I cannot find an answer to this specific question. I would like to recode multiple character columns into numeric columns. (It is a hundred columns) But:
So, I do not think I can use a range of column indexes. However, the columns I wish to recode start with the same column name prefix. I would like to recode any "Yes" to 1, "No" to 0, and blanks to NA.
I could do this manually one column at a time with the below code:
#Recode columns one at a time
library(car)
#skip ID column
#Skip Date column
df$Q1<-as.numeric(as.character(recode(df$Q1,"NA=NA; 'No'=0; 'Yes'=1; ''=NA")))
df$Q2<-as.numeric(as.character(recode(df$Q2,"NA=NA; 'No'=0; 'Yes'=1; ''=NA")))
#skip Q2.Explanation column
#do the above for a hundred more columns...
But I would like to recode a hundred, specific columns at the same time. Also these columns are separated by columns I do not wish to recode.
My data is below.
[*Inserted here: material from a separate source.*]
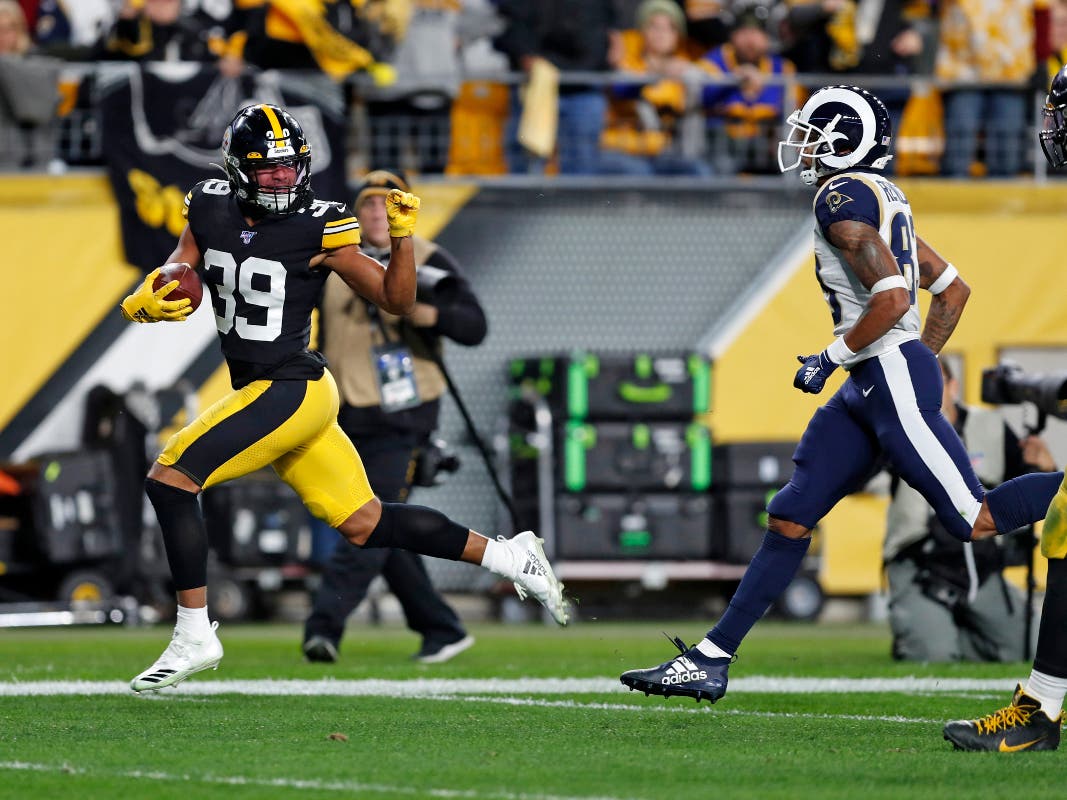 Pittsburgh Steelers free safety Minkah Fitzpatrick (39) heads for the end zone for a touchdown after intercepting a pass from Los Angeles Rams quarterback Jared Goff (not shown) during the first half of an NFL football game in Pittsburgh, Sunday, Nov. 10,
Not sure what is dput:
ID<-c(01,02,03,04,05)
Q1<-c("Yes", NA,"", "No",NA)
Q1.Explanation<-c (NA, NA,"","Respondent did not get the correct answer", NA)
Q2<-c("No","Yes","Yes","", NA)
Q2.Explanation <-c("The right answer was not proven", NA, NA, NA, NA)
Q3<-c("", NA, "Yes", NA, NA)
Mydata<-as.data.frame(cbind(ID,Q1,Q1.Explanation, Q2, Q2.Explanation,Q3))
If you know that the columns you want to change always have the same names, just different locations in the table, then you can use regex on the column names to subset, then change the values in the columns with apply()
.
your_data[, grep("Q", colnames(your_data))] <- as.data.frame(apply(your_data[, grep("Q", colnames(your_data))],
2,
function(x) recode(x, "NA = NA; 'No' = 0; 'Yes' = 1; '' = NA")))
This should recode all of your columns that begin with "Q" regardless of their location any given month.